[Short web captions]
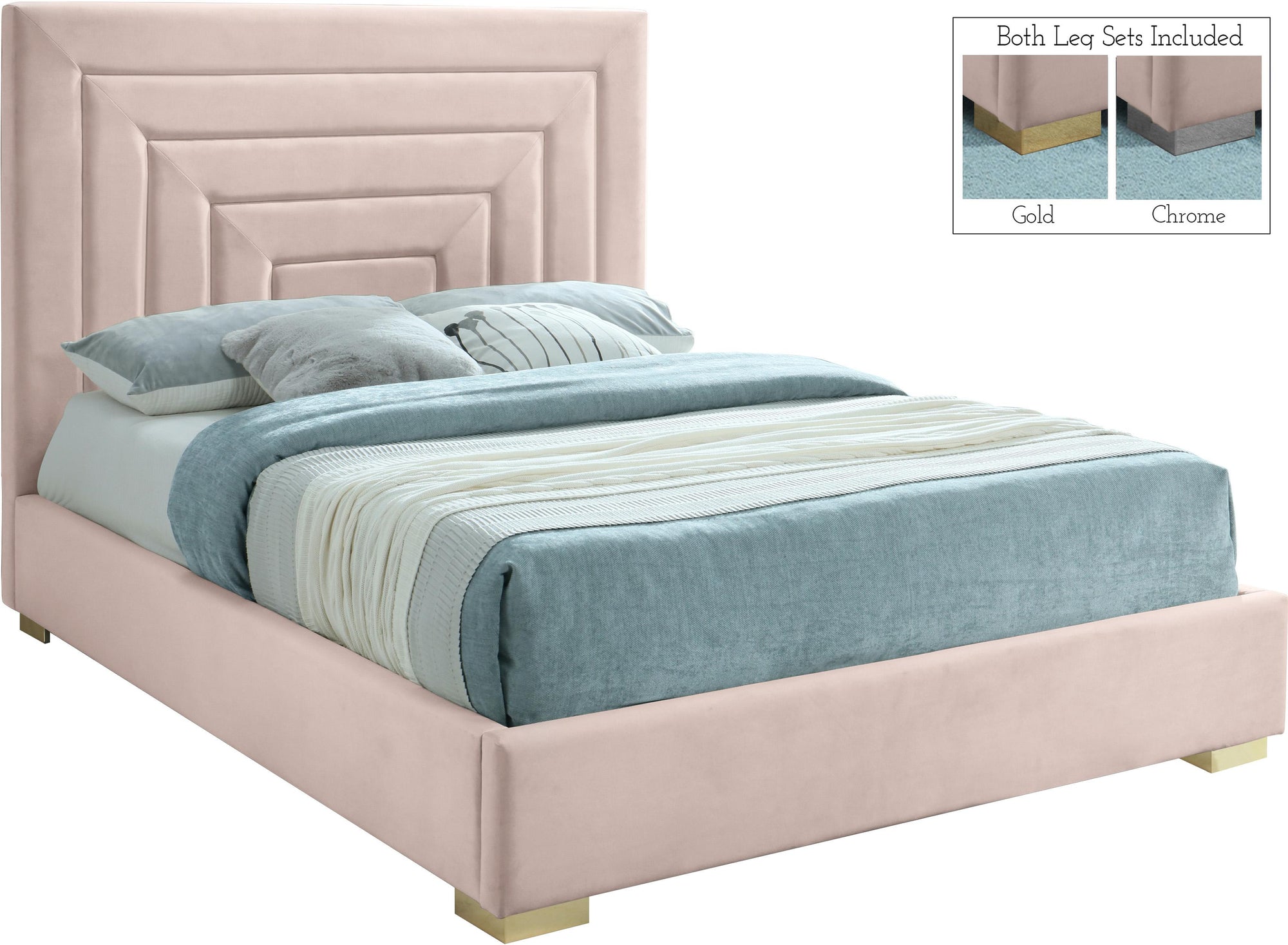 Nora Pink Velvet King Bed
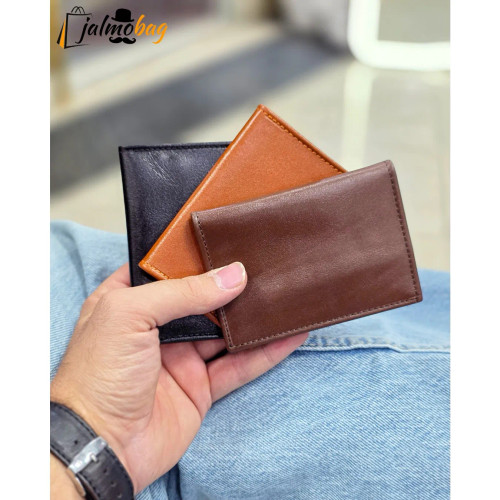 جاکارتی چرم طبیعی گاوی مدل برگی چهار جای کارت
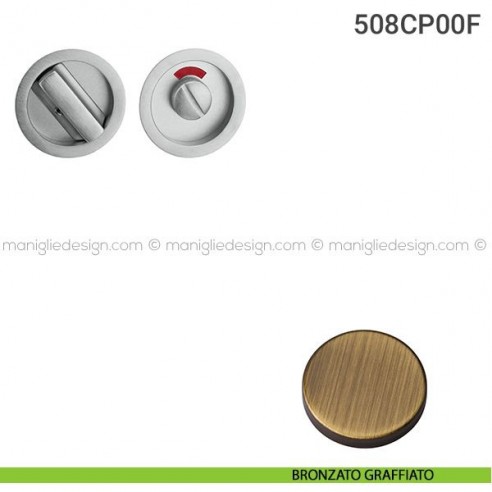 Placche incasso tonde con nottolino 508 Reguitti con libero/occupato bronzato graffiato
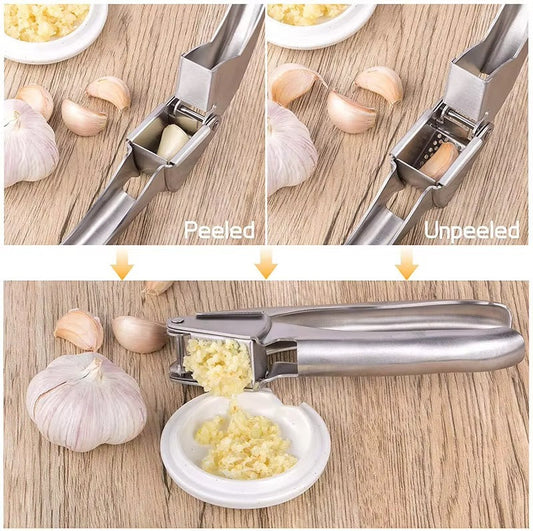 Professional Garlic Press Stainless Steel, Rust-proof Garlic Crusher Mincer, Easy Squeeze & Clean Garlic Peeler
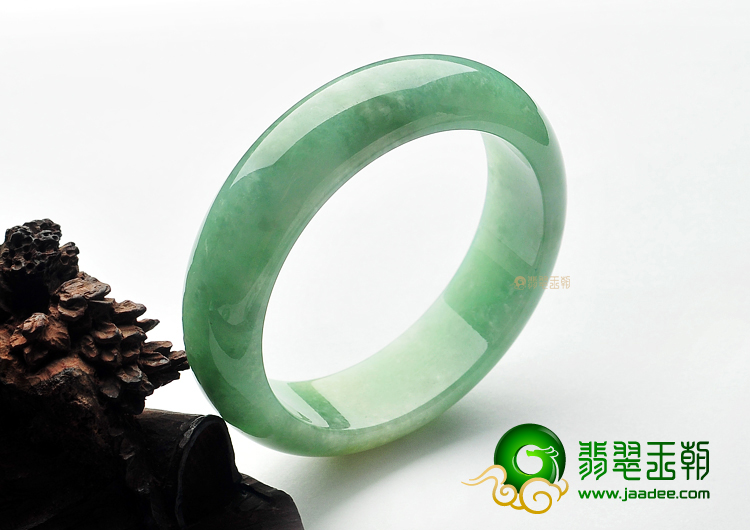 糯冰种淡黄加绿缅甸翡翠A货手镯(56.4mm)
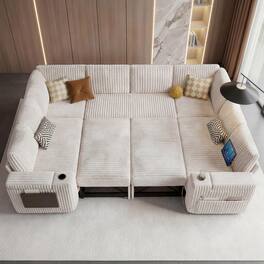 Dyonery - 112” Modular Sectional Sofa with Storage, U Shaped Couch for Living Room, 8-Seat Corduroy Deep Seat Sofa. - Beige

* EXERCISE AIM
Output every entry verbatim but skip the pictures.

* EXERCISE ANSWER
 Nora Pink Velvet King Bed
 جاکارتی چرم طبیعی گاوی مدل برگی چهار جای کارت
 Placche incasso tonde con nottolino 508 Reguitti con libero/occupato bronzato graffiato
 Professional Garlic Press Stainless Steel, Rust-proof Garlic Crusher Mincer, Easy Squeeze & Clean Garlic Peeler
 糯冰种淡黄加绿缅甸翡翠A货手镯(56.4mm)
 Dyonery - 112” Modular Sectional Sofa with Storage, U Shaped Couch for Living Room, 8-Seat Corduroy Deep Seat Sofa. - Beige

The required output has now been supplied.